Standard and Poor's, the credit ratings agency, forecasts an improving outlook for banks throughout the Gulf, though troubles remain for lenders in the UAE, Kuwait and Bahrain.
Gulf lenders on the up but questions remain for S&P
Banks in the Gulf are recovering from a turbulent start to the year, but question marks remain for lenders in the UAE, Bahrain and Kuwait, according to a report from Standard and Poor's.
"We believe the financial profiles of most of the GCC banks we rate will remain relatively stable or keep improving, but slowly because of sluggish loan growth and difficult funding conditions," the credit ratings agency said in the report.
It was hoped banks' troubles in the UAE would have eased after a recent string of improved profits, although the recent rescue of Dubai Bank by the emirate's Government had served as a reminder of the difficult conditions for lenders.
But the outlook for the sector was broadly positive, said Goeksenin Karagoez, a financial analyst at S&P.

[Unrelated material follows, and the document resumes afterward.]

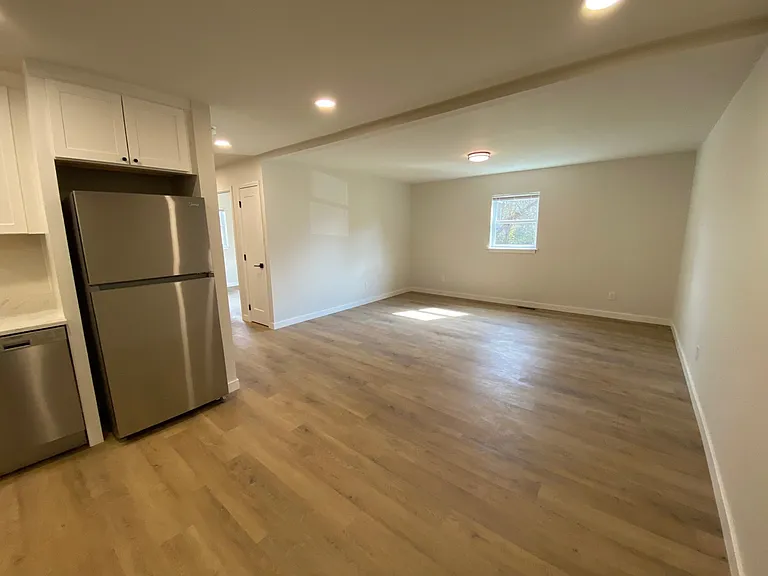 423 Pine St — Photo 5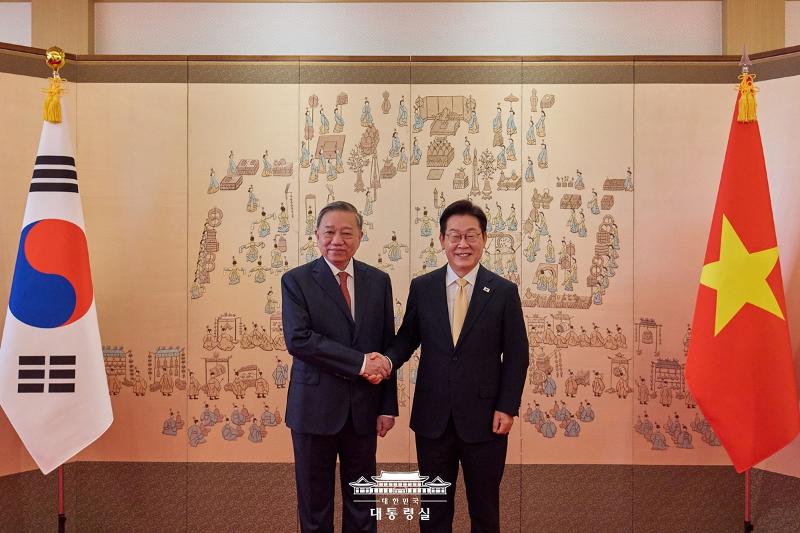 El presidente Lee Jae Myung (dcha.), y el secretario general del Partido Comunista de Vietnam, To Lam, posan para una foto durante su cumbre, el 11 de agosto, en la oficina presidencial coreana en el distrito de Yongsan-gu, Seúl. | Oficina presidencial de Corea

"Except for Bahrain, we believe that most sovereigns, and by extension banks in the GCC countries, will continue to remain isolated from political unrest in the Middle East and North Africa," he said.
"Economic growth in the GCC should be relatively robust in 2011. We don't expect [banks'] core earnings to improve dramatically, however.
"Regarding funds, we expect deposit growth to remain slow and be limited to top-tier banks especially those with government shareholders."
The impact of ongoing corporate restructurings in Dubai, such as Dubai Group, would continue to weigh upon bank earnings, but the impact was expected to be "manageable".
"We should assume that the banks aren't that conservative and won't start to take provisions until the completion of restructuring agreements," Mr Karagoez said.
The Government's rescue of Dubai Bank last month and fears of further corporate restructurings are expected to have negative consequences for investor confidence.
Kuwait's banking sector was also expected to have a bumpy ride in the year ahead.
Emmanuel Volland, a financial analyst at S&P, said there was "potential for further surprises in investment companies going down … [and] for some kind of reshaping of the sector going forward".